Nevertheless, recent mining and oil drilling projects have put the government’s commitment to respecting the right to consultation to the test, and spurred indigenous organisations to take action. On Nov. 28, 2012, hundreds of indigenous representatives converged in Quito to protest the lack of consultation prior to the 11th oil auction round, in which exploration blocks containing an estimated total of 1.6 billion barrels of crude oil would be put up for bids from private companies. At the time, Domingo Peas, a leader of the Achuar indigenous ethnic group, declared that “the government says it has carried out prior consultation, but this is not true.” “The consultations carried out among the peoples and nationalities in the areas of influence are invalid, because there was no participation by indigenous peoples and nationalities in determining the way they were conducted, they did not respect their traditional methods of decision-making, and cultural aspects, such as language, were not adequately taken into account,” he stressed. Overall, said Peas, the consultations “were neither prior, nor free, nor informed, and were conducted in bad faith.”

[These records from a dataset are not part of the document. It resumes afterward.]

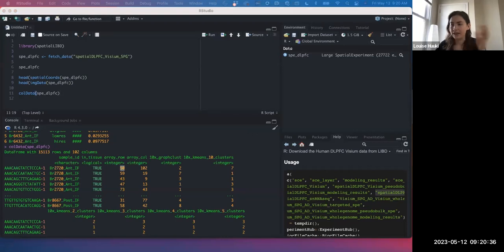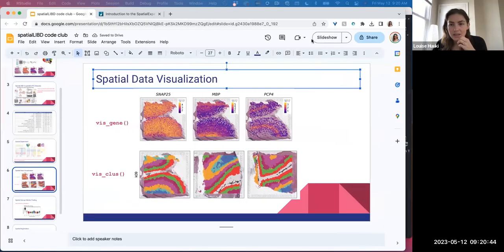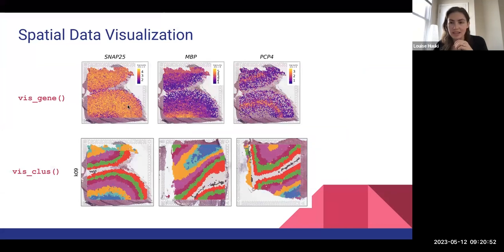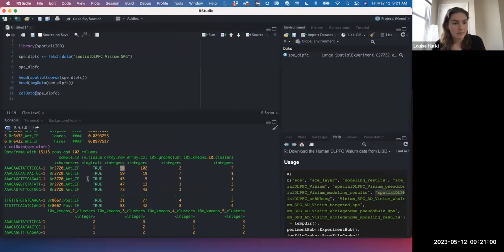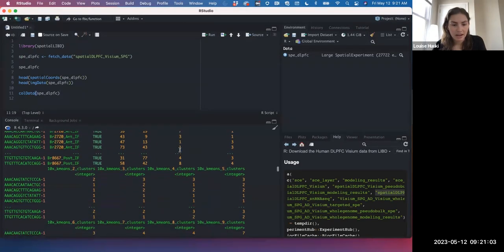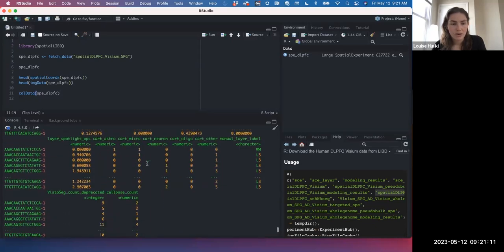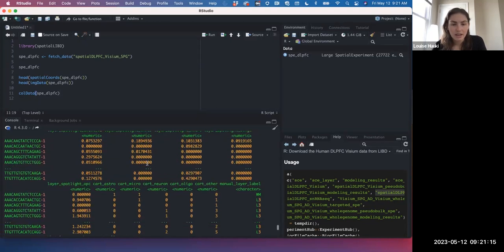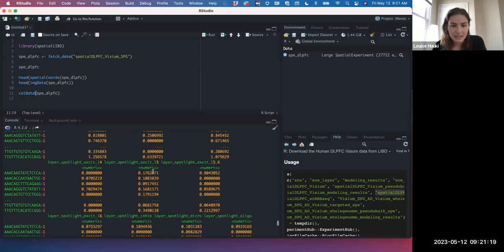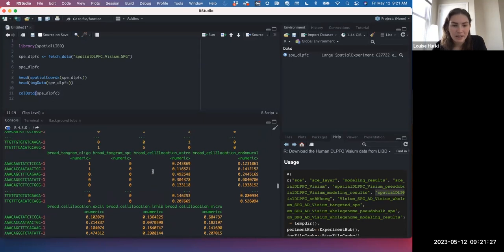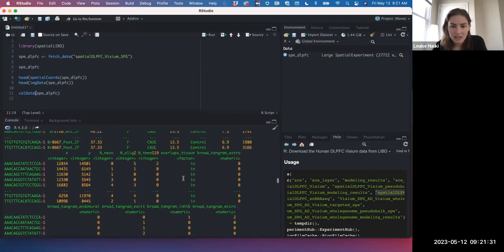A great way to explore this data and understand what's going on is by visualizing it. There are two main visualization tools: vis_gene, which helps visualize continuous variables over the spots, and vis_clus, which helps visualize discrete variables over the spots. Some notable colData columns include a 10x clustering, manually annotated histological layers and white matter, and also Nick's cell deconvolution results.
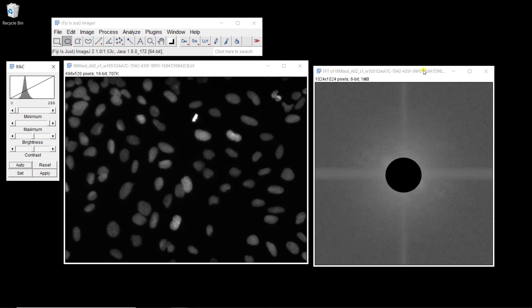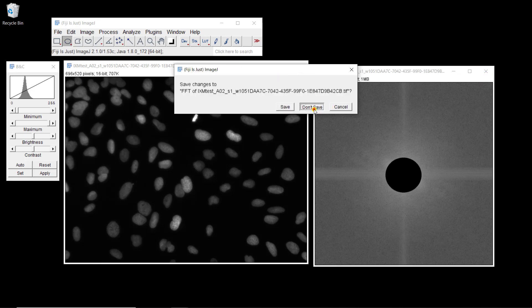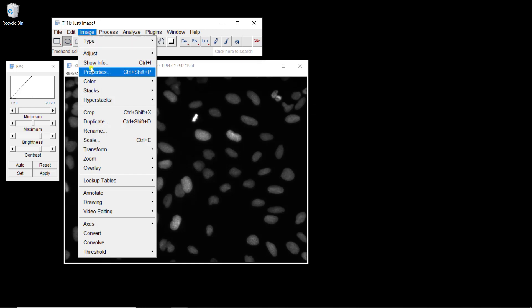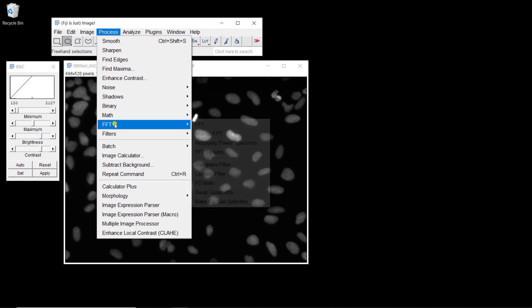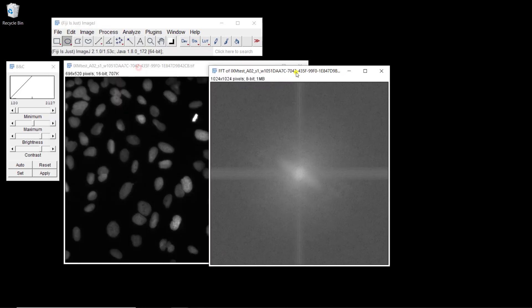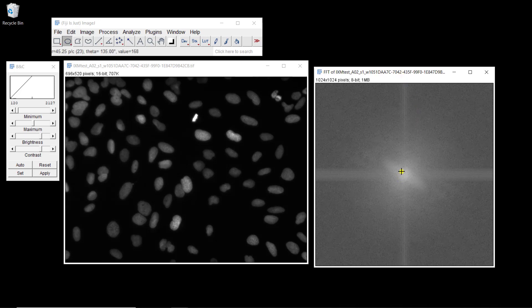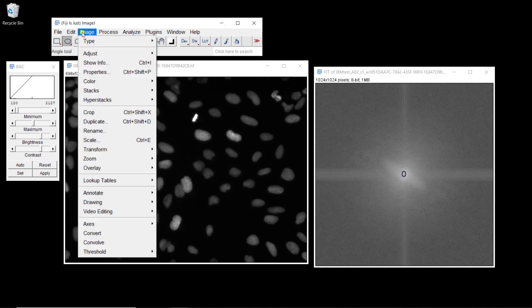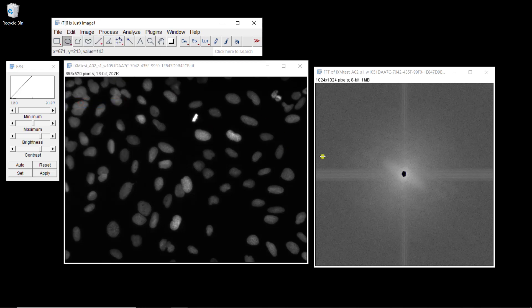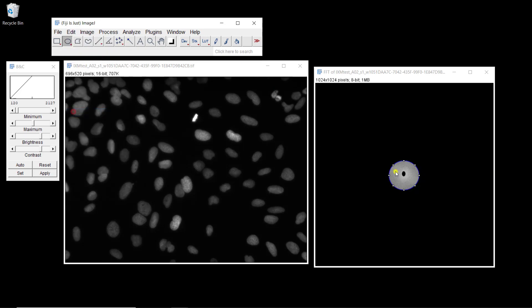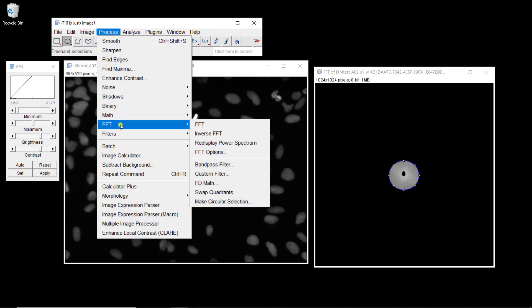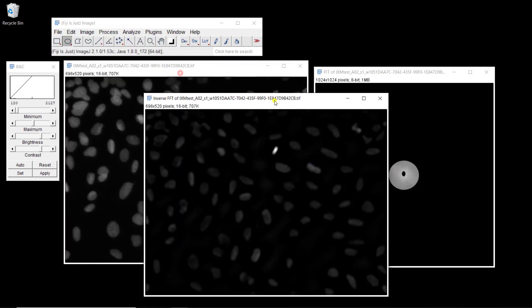Now there's one last thing we can do: a bandpass filter. We're going to remove the high frequencies and the low frequencies. Let's compute again the FFT of the image, and we're going to start by removing the low frequencies. I'm going to select a region like this, go to Edit and Clear, and now we're going to define the high frequencies — we're going to Clear Outside. Now we just have this frequency band. It's not very symmetric, but it's okay, just to have an idea of what it gives. If we do an Inverse FFT, this is what you get.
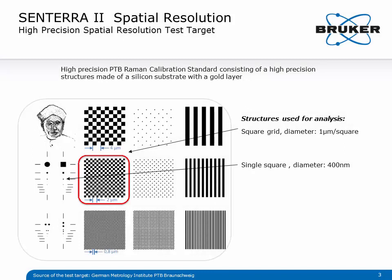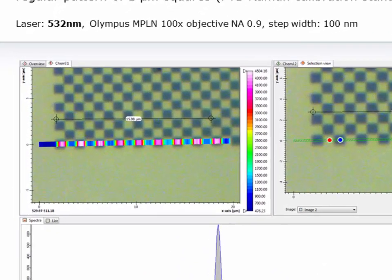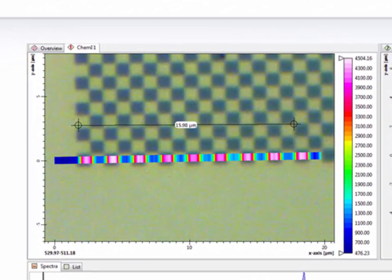To test this claim, we used a high-precision PTB Raman calibration standard made by the German Metrology Institute in Braunschweig. It consists of a silicon substrate with a gold layer that forms very fine and highly precise structures. This test is based on the silicon phonon band at 521 wavenumbers that is more intense in pure silicon areas and less intense in the gold layer areas. Each square is 1 by 1 µm.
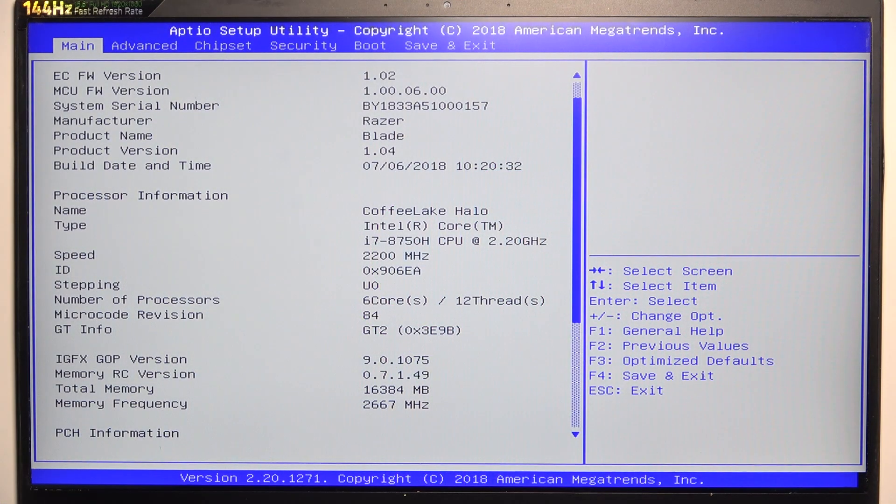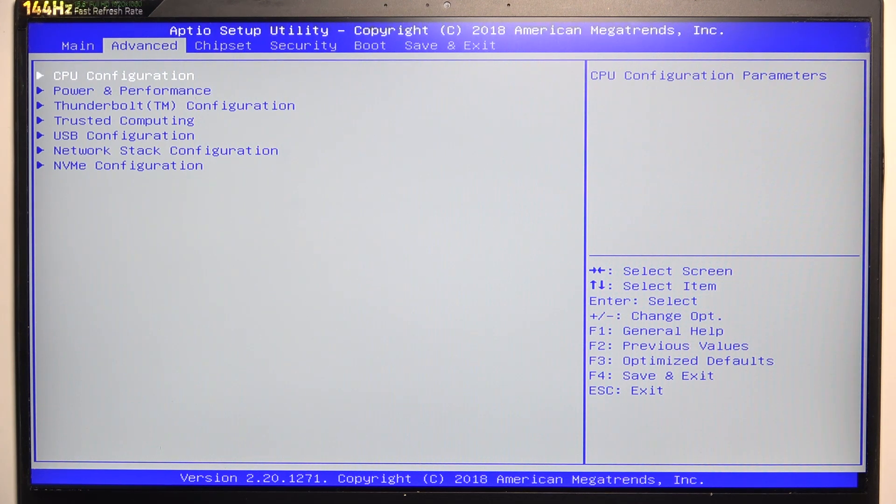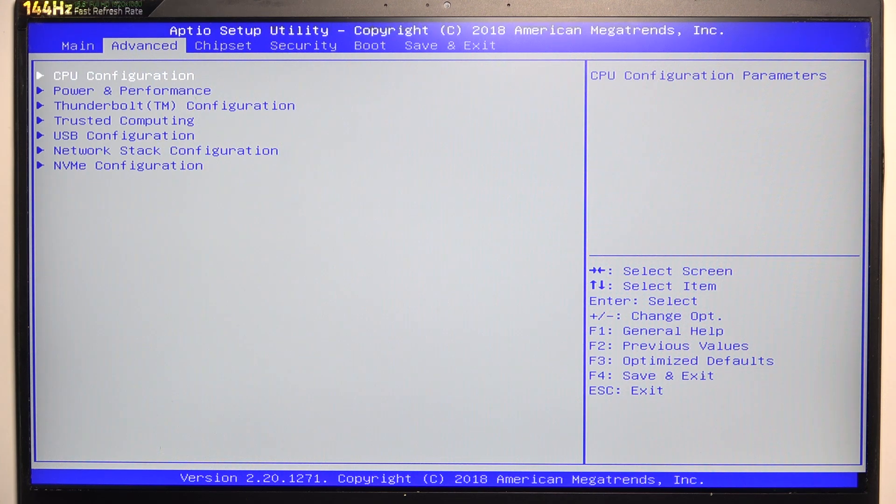To do it, use the right arrow to get to advanced page in BIOS, which if you don't know how to enter, there's a video on our channel on how to enter BIOS on Razer Blade 15. And once that's done,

The president of the influential Confederation of Indigenous Nationalities of Ecuador (CONAIE), Humberto Cholango, believes that the authorities have not done enough. “Prior consultation is still pending, we have still not seen the results we would like to see. We need the law to be approved; that would be a major advance,” he told Tierramérica*.
The draft law, comprising 29 articles, refers to consultation on legislative measures and establishes four stages: preparation; a public call for participation and registration; the actual holding of the consultation; and analysis of the results and conclusion. In accordance with the law, the government will determine if a proposed bill affects the rights of certain communities, in which case the National Assembly will convene a prior consultation that will be conducted through the National Electoral Council…
One year ago, President Rafael Correa stated in one of his regular Saturday broadcasts that non-governmental organisations “want prior consultations to be popular consultations and to be binding; that means that for every step we want to take, we will need to ask the community for permission.” “This is extremely serious. This is not what the international agreements say. This would not mean acting in the interests of the majorities, but rather in the interest of unanimity. It would be impossible to govern that way,” he declared. In response to these statements, indigenous organisations sought reinforcement, calling on agencies such as the Inter-American Commission on Human Rights and the ILO to supervise the implementation of prior consultation.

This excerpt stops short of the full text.